Unruhe löste der vorliegende Entwurf am Mittwoch auch im Rat der Bezirksbürgermeister aus. Franz Schulz (Grüne), Bürgermeister von Friedrichshain-Kreuzberg, wertet die Machtfülle des geplanten Supergremiums als Eingriff in die bezirkliche Selbstverwaltung: Denn allein der „Portfolioausschuss entscheidet“ nach Nußbaums Konzept abschließend darüber, ob der Bezirk oder die Behörde „den Nachweis des aktuellen oder künftigen Bedarfs“ erbracht hat – und ob ein Schul- oder Amtsgebäude „wirtschaftlich voll und flächenoptimiert ausgenutzt“ wird. Diese Entscheidung des Supergremiums soll dann auch „von den (im Verfahren) beteiligten Verwaltungen verbindlich anerkannt werden“. Die Bezirke fürchten, dass damit letztlich die Mitglieder des Portfolioausschusses darüber entscheiden, ob ein Gebäude des Landes oder des Bezirks geschlossen wird.
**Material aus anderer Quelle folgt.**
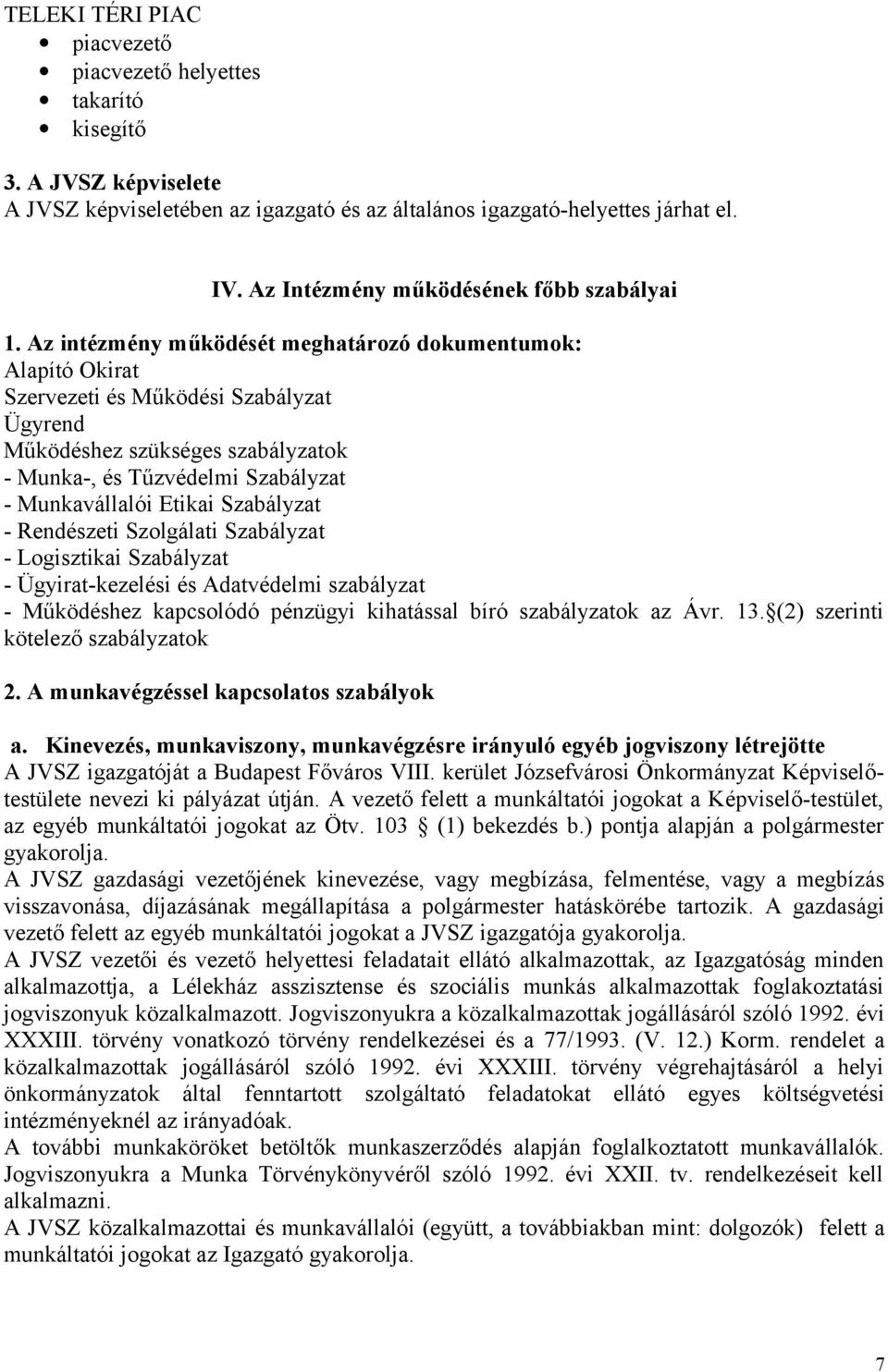 Az intézmény működését meghatározó dokumentumok: Alapító Okirat Szervezeti és Működési Szabályzat Ügyrend Működéshez szükséges szabályzatok - Munka-, és Tűzvédelmi Szabályzat - Munkavállalói Etikai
Direktvergabe nur, wenn sie sich für das Land auszahlt
Allerdings „bietet der Finanzsenator auch an, für den Wohnungsbau Grundstücke kostenlos direkt an die städtischen Wohnungsbaugesellschaften zu vergeben“, hieß es in der Finanzverwaltung weiter. Auch bei Grundstücksvergaben an private Baugenossenschaften sei eine Direktvergabe möglich. Dieser Vorschlag könnte die Gespräche beleben. Denn davon steht in dem Konzept noch nichts. Und dies wäre ein Schritt, um den Koalitionsvertrag von Rot-Schwarz mit Leben zu erfüllen: Demnach sollen landeseigene Flächen zu einem günstigen Preis direkt vergeben werden dürfen, um Wohnungsbau zu fördern oder auch kulturelle Projekte (etwa im Fall des „Holzmarkts“ im Mediaspree-Gebiet) sowie die Ansiedlung von Firmen.
Nußbaum schlägt ferner eine Methode vor, um die Höhe der „Subvention“ bei solchen Direktvergaben zu ermitteln. Grob gesagt besteht die Subvention aus der Differenz des Erlöses aus einer Direktvergabe zum tatsächlichen Wert des Grundstückes. Dieser ist für Nußbaum der Betrag, der bei einer Vergabe durch einen freien Wettstreit aller Bieter erzielt werden könnte.
Legitim ist eine Direktvergabe für die Finanzverwaltung dann, wenn der Käufer ein „Äquivalent“ für den Preiserlass bieten würde: etwa mit der Schaffung neuer Arbeitsplätze, durch Investitionen, die sich durch Umsätze und Steuern für das Land auszahlen. In Senatskreisen ist zu hören, dass damit eine nachvollziehbare Grenze gezogen werden soll, damit das Land nicht bei jedem Wunsch aus Bezirken und Senatsverwaltungen auf Geld verzichten muss. Nußbaums Kriterien sollen „Direktvergaben unter Potenzialwert“ klar regeln.